This often happens when an athlete asks for big numbers, although I am still waiting for an athlete to ask for small numbers. For example, whenever a boxer such as Mike Tyson makes $10 million for a fight, somebody invariably breaks this down to $5 million per minute, $1 million per punch and $500,000 for every time his opponent goes, “Duh.”
Trouble is, it’s unfair.
The $10 million isn’t for one night’s work. It is for training camp, lodging, airfare, entourage, food, equipment, sparring partners, trainers, managers, cut men, limousines, drivers . . . and, in Tyson’s case, such necessities as bail money, hush money and I-drove-the-Bentley-into-a-tree money.
Therefore, if the magnificent Michael Jordan is asking the Chicago Bulls for a two-year, $36-million “absolute bottom figure” deal, no way you can divide 82 games by $18 million and conclude that Mike will make $219,512 per game, even though, as you can plainly see, I just did.
Because, first of all, that only comes to $17,999,984, meaning that Michael got cheated out of 16 bucks someplace.
Second, there is a word you might have heard of, a word the wise-butts always seem to forget.
That word is practice.
For those who have forgotten, Michael Jordan does not show up at the United Center at 7:29 p.m., grab his pants and run onto the court bare-chested, just in the time for the opening tipoff.
That’s the other guy, the blond one.
No, day in, day out from late autumn to early summer, Jordan is out there perfecting those “instinctive,” “natural,” “God-given” abilities of his . . . you know, the ones a man of his skills never has to practice.
Yeah, sure.
And Beethoven never took a lesson.
Furthermore, it is Jordan’s lot in life to represent the Chicago Bulls wherever he goes, so he is working every minute of every day. There are only three public places Michael can go to get away from the crowds: the golf course, a sensory-deprivation tank and a Spike Lee movie.

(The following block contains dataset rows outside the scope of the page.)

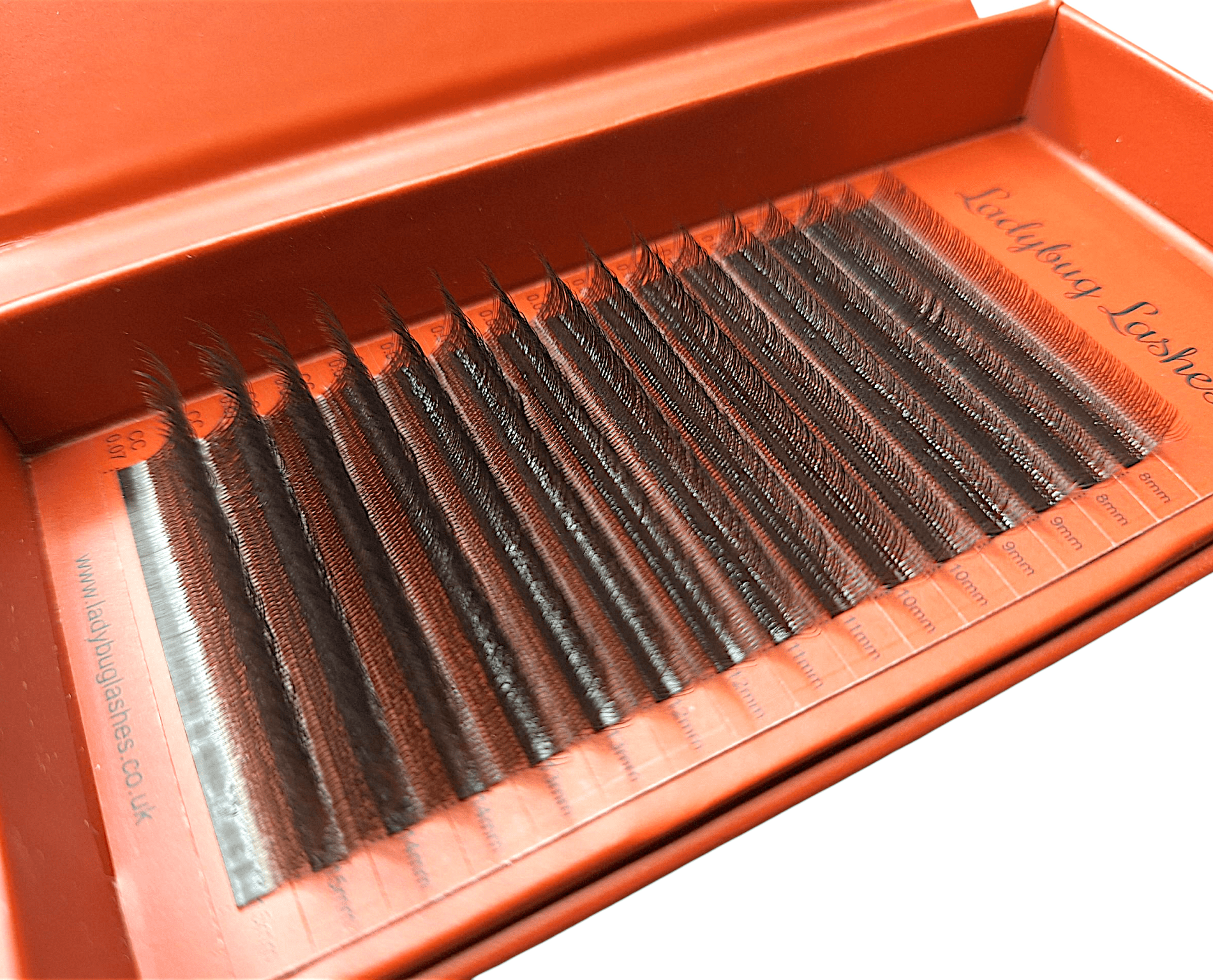 ladybuglashes lashglue lashtrays lashadhesive glueretention cloverlashes wlashes yylashes premades promades lashes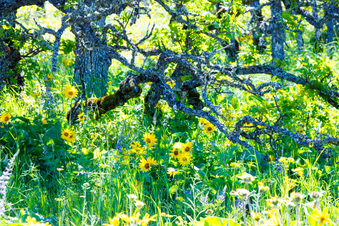 Enlarge photo 141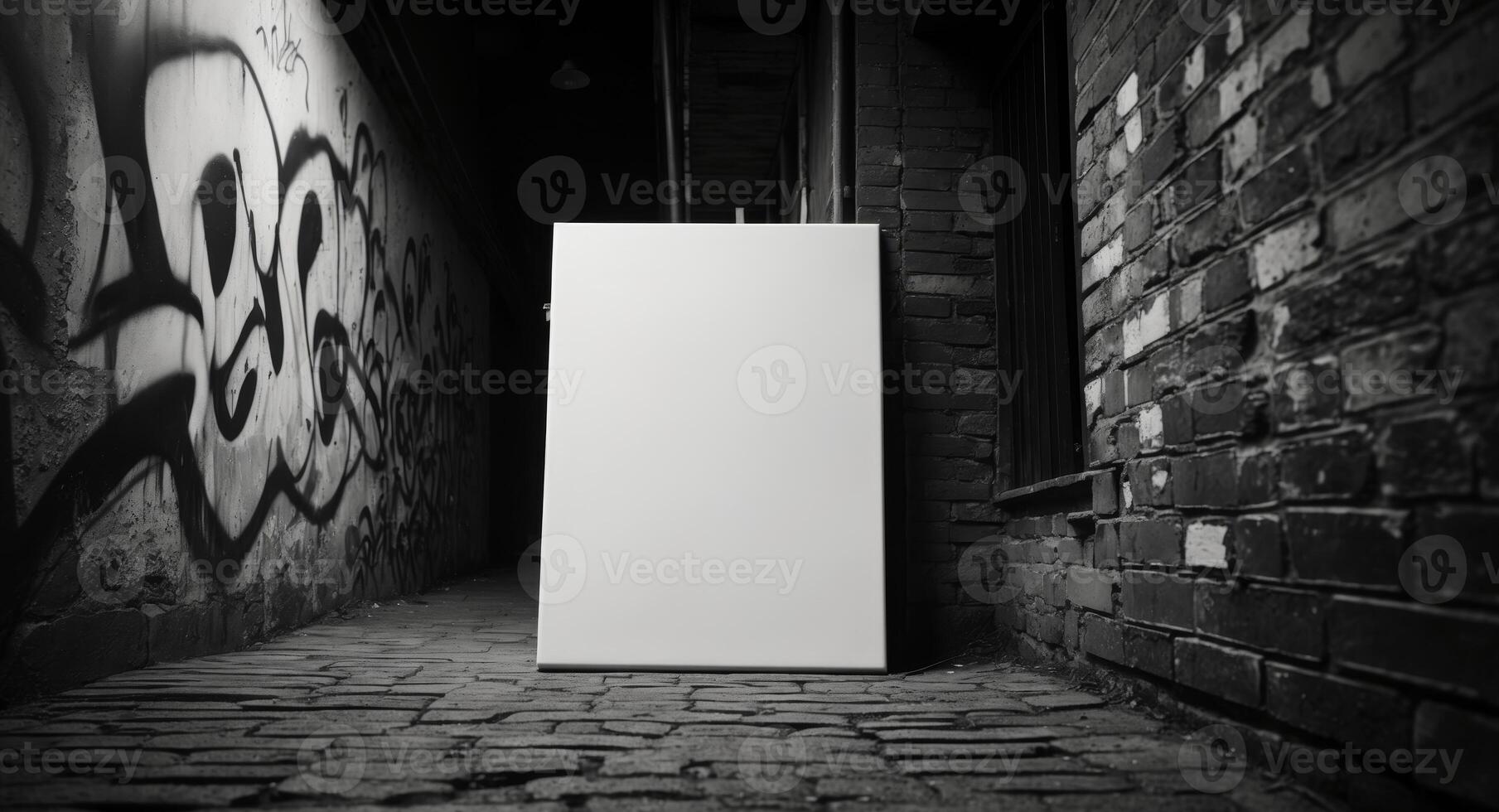 Blank Canvas in Gritty Urban Alleyway, Waiting for an Artists Touch or Message. photo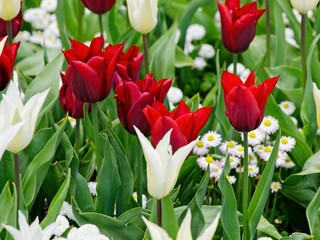 Tulips blooming during springtime on the flower beds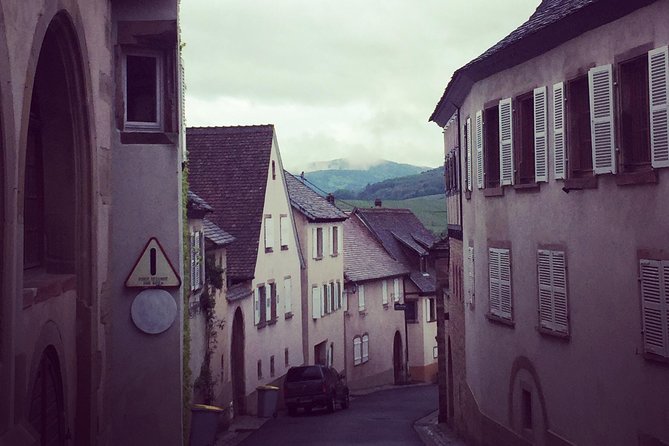 Alsace Wineries Private Half- or Full-Day Tour From Colmar - Additional Information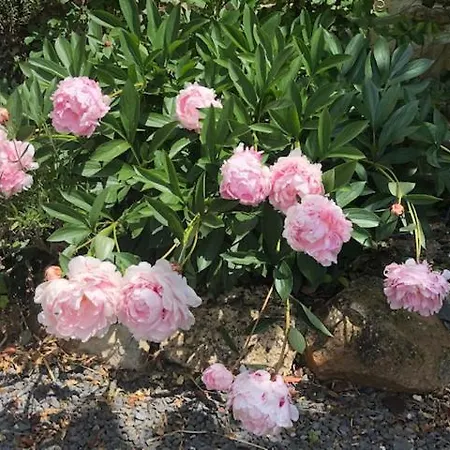 La Vieille Abbaye Frühstückspension Barbery (Calvados)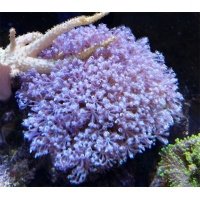 parent-polyps-anthelia-blue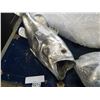 Image 2 : LOT OF METALLIC FISH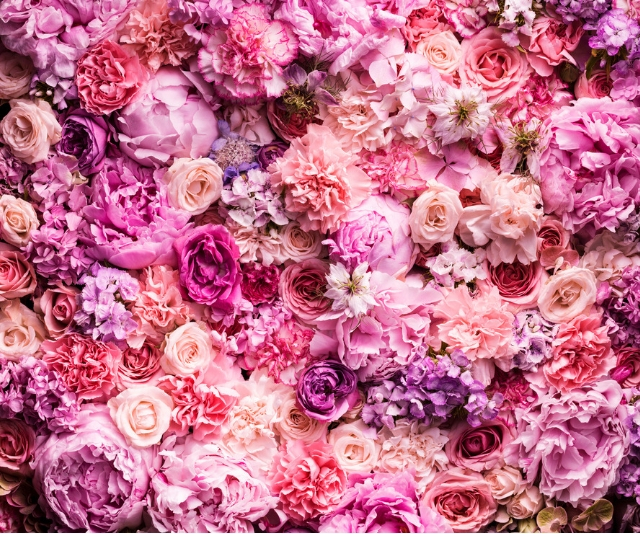 Roses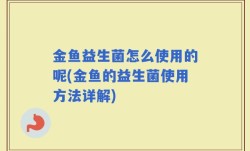 金鱼益生菌怎么使用的呢(金鱼的益生菌使用方法详解)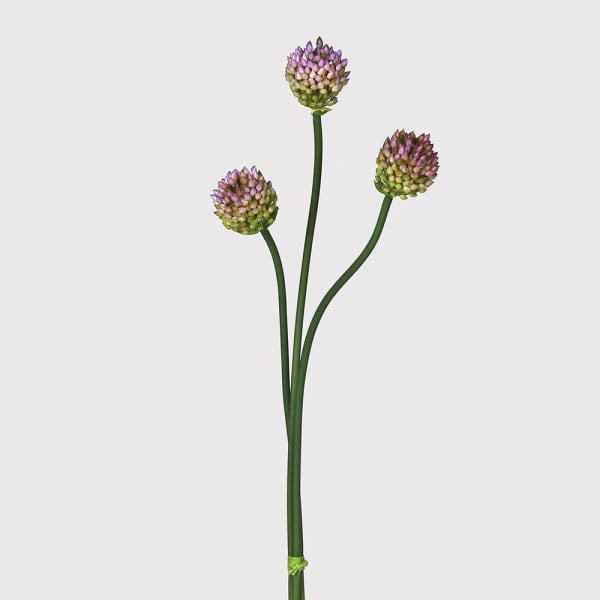 Multi Allium in Bud Branch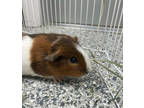Adopt Biscuit a Orange Guinea Pig / Mixed small animal in Pomona, NY (38540133)
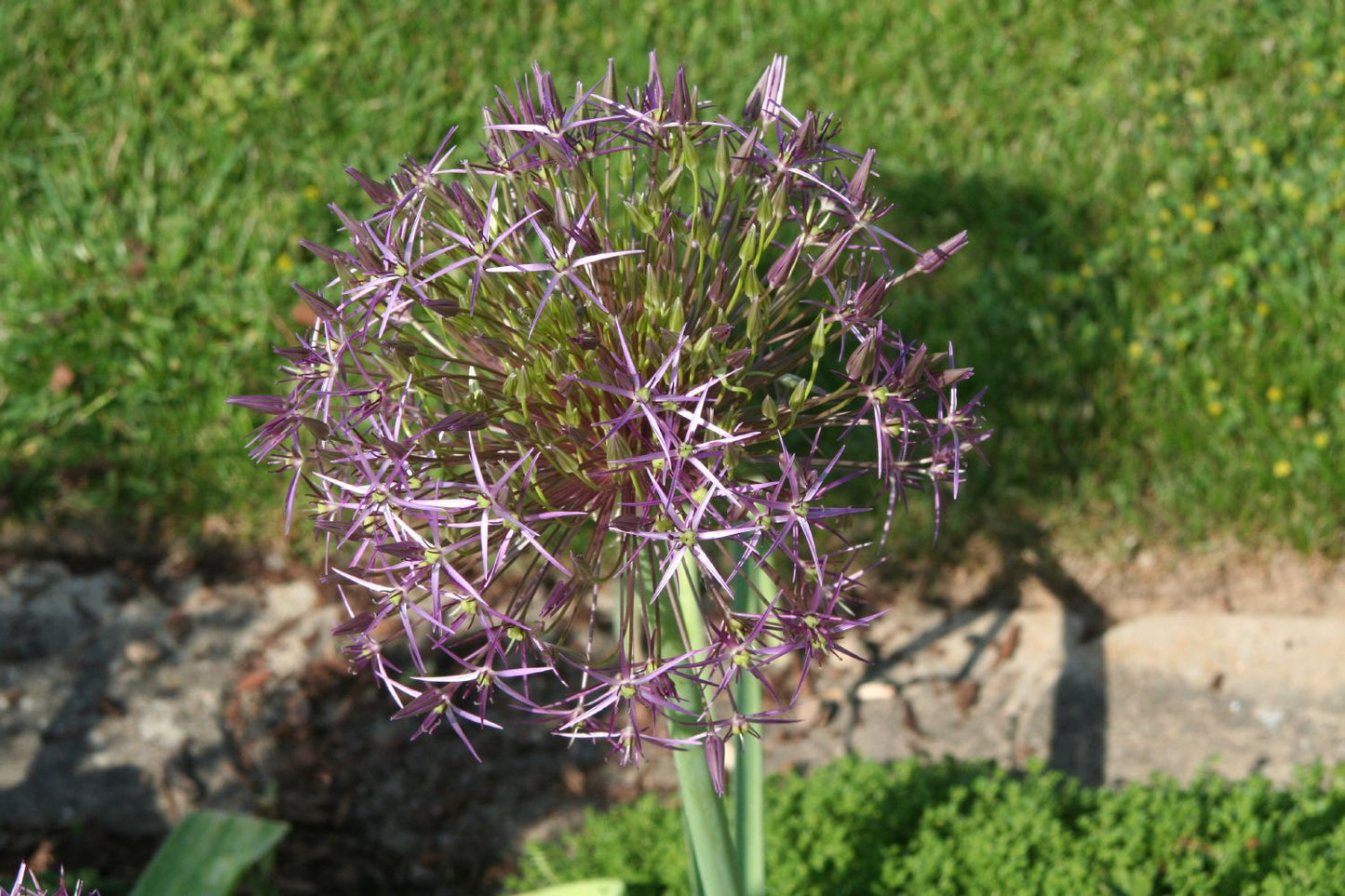 Allium christophii Sternkugel-Lauch Allium christophii Sternkugel-Lauch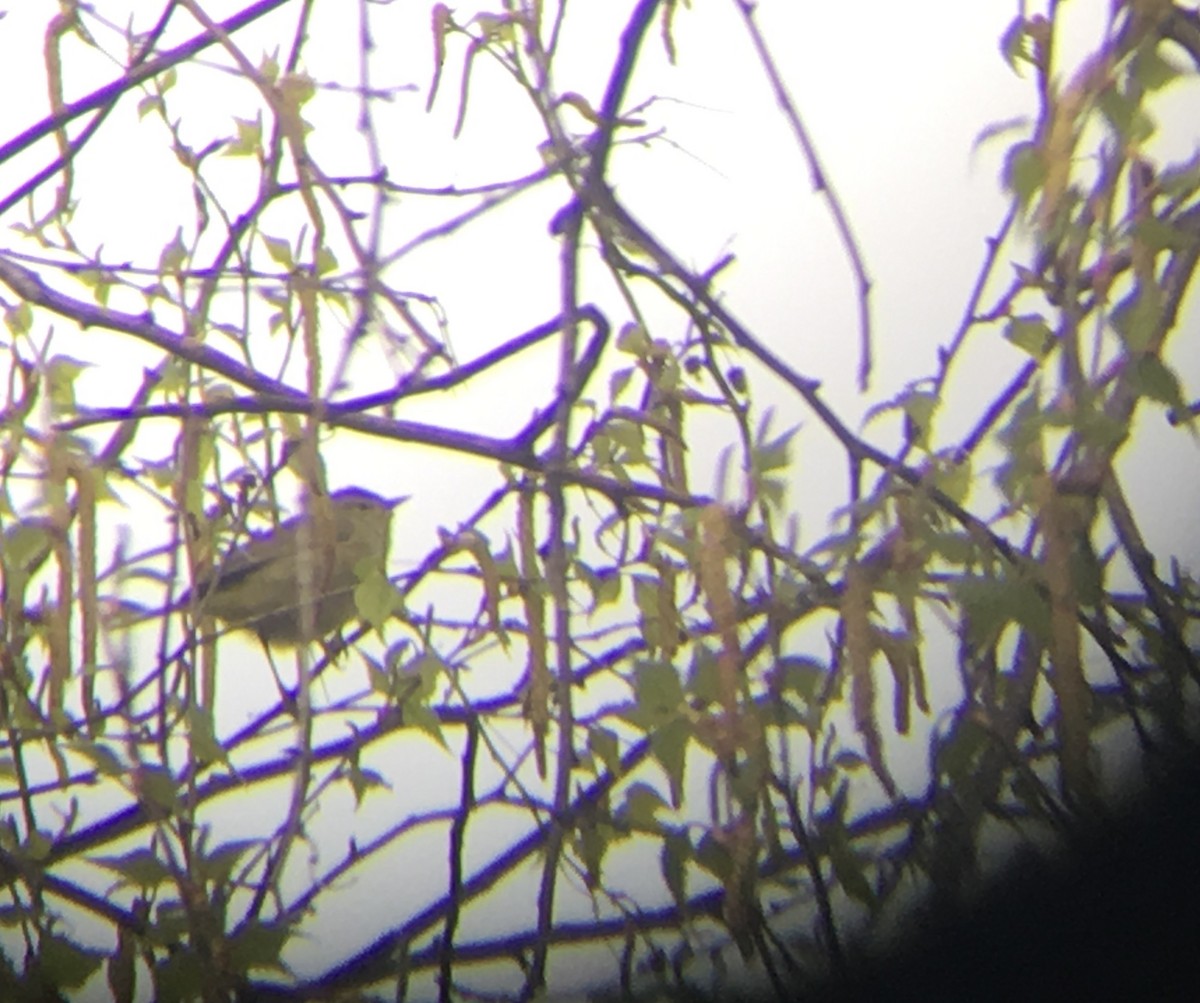 Orange-crowned Warbler - Spencer Hardy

Michael earns his money. He spends hours in airports, airplanes, hotel rooms and team buses. Well, OK, so maybe he doesn’t ride the bus. The last time Michael’s team traveled exclusively by bus, he was playing baseball in Birmingham, Ala., where he bought the team a bus.
I suppose if he gets his $36 mil, Michael will be able to do some of the things he has always wanted to do, like buy Birmingham, Ala.
Jim Carrey just got $20 million to play a cable-TV guy in a movie. Demi Moore got something like $12 million to play a stripteaser in a movie. Are they worth more than Michael Jordan? Do people break down their money per scene? More important, shouldn’t Demi point out that a stripper is a far more dependable person than a cable-TV guy?
Whatever Jordan wants, Jordan should get.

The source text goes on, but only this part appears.